1024 “Pixel” Sound Camera Treats Eyes To Real-Time Audio

A few years ago, [Artem] learned about ways to focus sound in an issue of Popular Mechanics. If sound can be focused, he reasoned, it could be focused onto a plane of microphones. Get enough microphones, and you have a ‘sound camera’, with each microphone a single pixel.

Movies and TV shows about comic books are now the height of culture, so a device using an array of microphones to produce an image isn’t an interesting demonstration of FFT, signal processing, and high-speed electronic design. It’s a Daredevil camera, and it’s one of the greatest builds we’ve ever seen.

[Artem]’s build log isn’t a step-by-step process on how to make a sound camera. Instead, he went through the entire process of building this array of microphones, and like all amazing builds the first step never works. The first prototype was based on a flatbed scanner camera, simply a flatbed scanner in a lightproof box with a pinhole. The idea was, by scanning a microphone back and forth, using the pinhole as a ‘lens’, [Artem] could detect where a sound was coming from. He pulled out his scanner, a signal generator, and ran the experiment. It didn’t work. The box was not soundproof, the inner chamber should have been anechoic, and even if it worked, this camera would only be able to produce an image or two a minute.

8×8 microphone array (mics on opposite side) connected to Altera FPGA at the center

The idea sat in the shelf of [Artem]’s mind for a while, and along the way he learned about FFT and how the gigantic Duga over the horizon radar actually worked. Math was the answer, and by using FFT to transform a microphones signals from up-and-down to buckets of frequency and intensity, he could build this camera.

That was the theory, anyway. Practicality has a way of getting in the way, and to build this gigantic sound camera he would need dozens of microphones, dozens of amplifiers, and a controller with enough analog pins, DACs, and processing power to make sense of all of this.

This complexity collapsed when [Artem] realized there was an off-the-shelf part that was a perfect microphone camera pixel. MEMS microphones, like the kind found in smartphones, take analog sound and turn it into a digital signal. Feed this into a fast enough microcontroller, and you can perform FFT on the signal and repeat the same process on the next pixel. This was the answer, and the only thing left to do was to build a board with an array of microphones.

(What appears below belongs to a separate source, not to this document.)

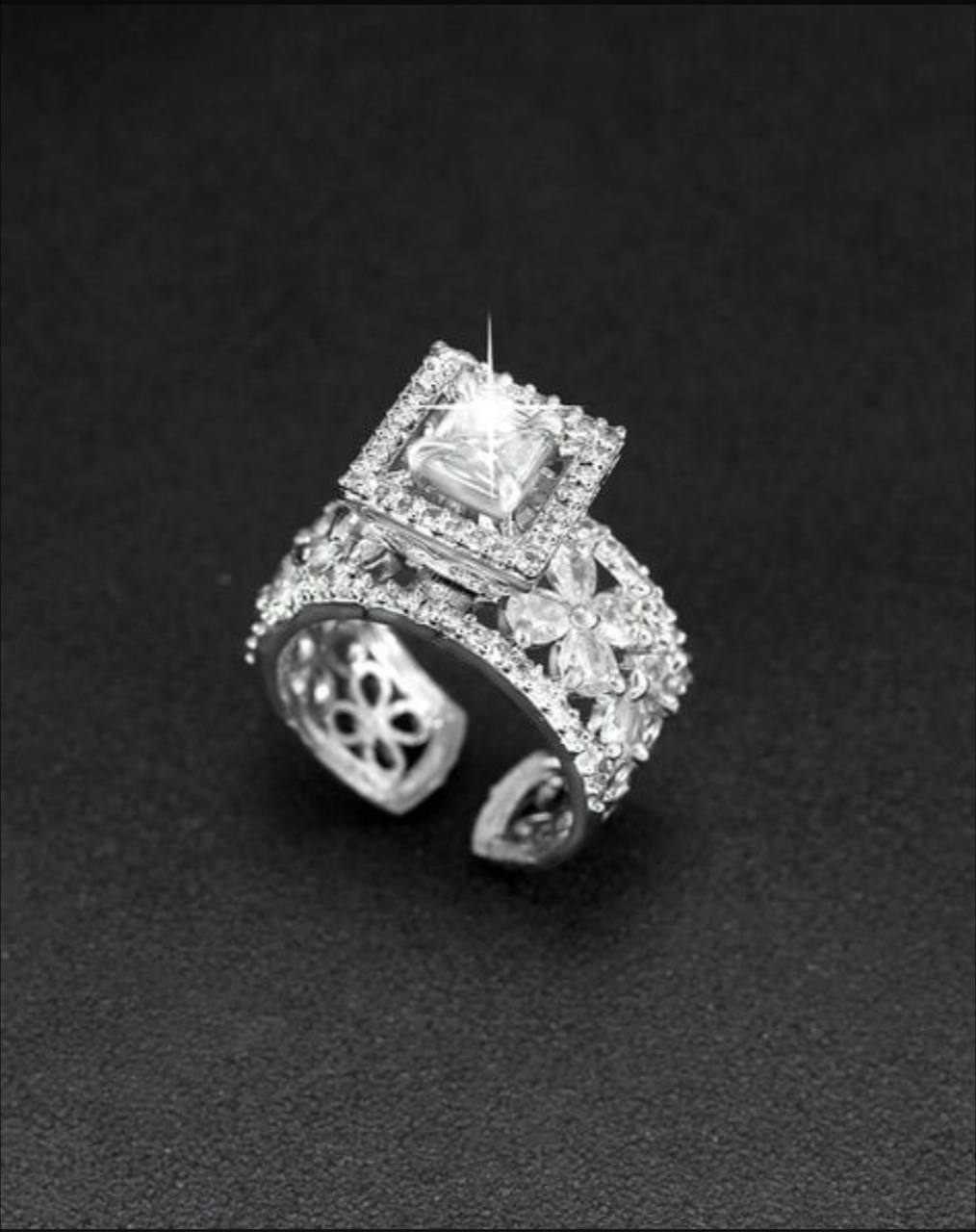 Square Diamond Finger Ring - Silver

4x4[Artem]’s camera microphone is constructed out of several modules, each of them consisting of an 8×8 array of MEMS microphones, controlled via FPGA. These individual modules can be chained together, and the ‘big build’ is a 32×32 array. After a few problems with manufacturing, the board actually worked. He was recording 64 channels of audio from a single panel. Turning on the FFT visualization and pointing it at a speaker revealed that yes, he had indeed made a sound camera.
The result is a terribly crude movie with blobs of color, but that’s the reality of a camera that only has 32×32 resolution. Right now the sound camera works, the images are crude, and [Artem] has a few ideas of where to go next. A cheap PC is fast enough to record and process all the data, but now it’s an issue of bandwidth; 30 sounds per second is a total of 64 Mbps of data. That’s doable, but it would need another FPGA implementation.

Is this sonic vision? Yes, technically the board works. No, in that the project is stalled, and it’s expensive by any electronic hobbyist standards. Still, it’s one of the best to grace our front page.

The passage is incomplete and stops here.